12h30 – hommes de lettres et journalistes se pressent dans le hall de l’établissement, d’où s’élève une rumeur grandissante. Chacun y va de son pronostic, et le nom de la jeune Franco-marocaine Leïla Slimani est dans toutes les bouches. Une masse se forme au pied des marches d’où doit descendre le jury du Goncourt et l’on commence à se marcher dessus, à mesure que l’heure tourne.

Pourtant l’atmosphère est plutôt calme dans l’établissement parisien. Les clients du restaurant affichent un air indifférent, comme s’ils n’avaient pas conscience de l’animation environnante, et les critiques littéraires discutent, accoudés au bar. Seule la foule des journalistes est en pleine effervescence, se préparant à capter le moindre petit détail, le moindre petit mot. On se bouscule déjà, alors que le jury est encore en train de déjeuner et de délibérer dans l’intimité des salons, à l’étage.

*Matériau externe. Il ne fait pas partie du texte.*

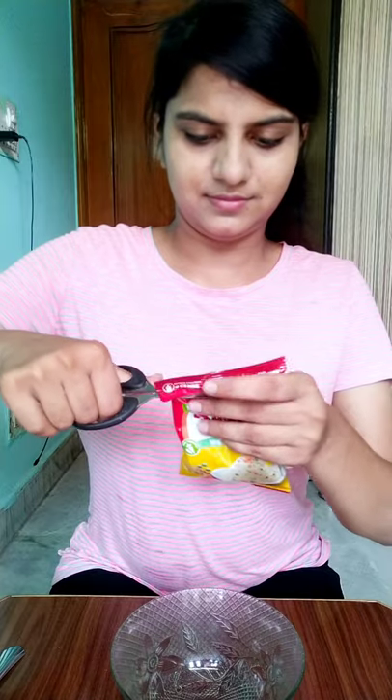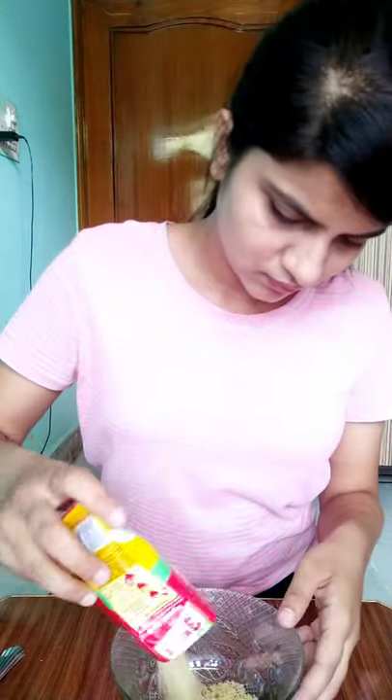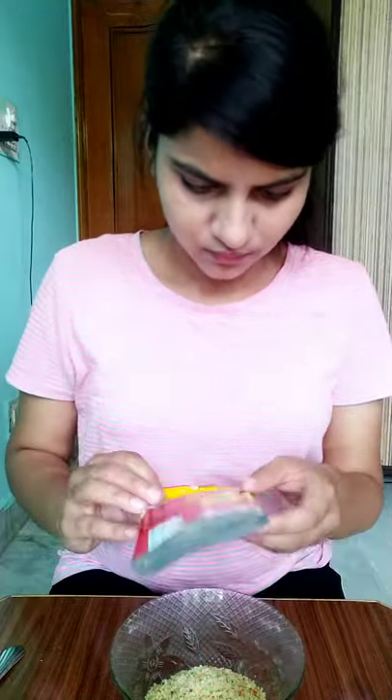Today I am trying MTR 3-minute vegetable upma. The packet says it will be ready in 3 minutes and to add 100ml water, but I will tell you that 100ml water will not work — you have to add 200ml water. I added 100ml and it turned out dry.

Un peu avant 13h, le jury fait son entrée. Du haut de l’escalier, l’écrivain et juré Didier Decoin annonce de manière lapidaire les lauréates du jour. Les pronostics ne se sont pas trompés, le prix Goncourt est décerné à Leïla Slimani pour Chanson douce (éd. Gallimard). Quelques amateurs applaudissent. Ils sont vite rabroués par les journalistes soucieux des images et des sons qu’ils ramèneront à leur rédaction. Le juré reprend, pressé par la foule. La lauréate du prix Renaudot est la romancière et dramaturge Yasmina Reza, pour son roman Babylone (éd. Flammarion). Une fois les noms dévoilés, la masse compacte se disperse pour revenir sur la place, devant le Drouant.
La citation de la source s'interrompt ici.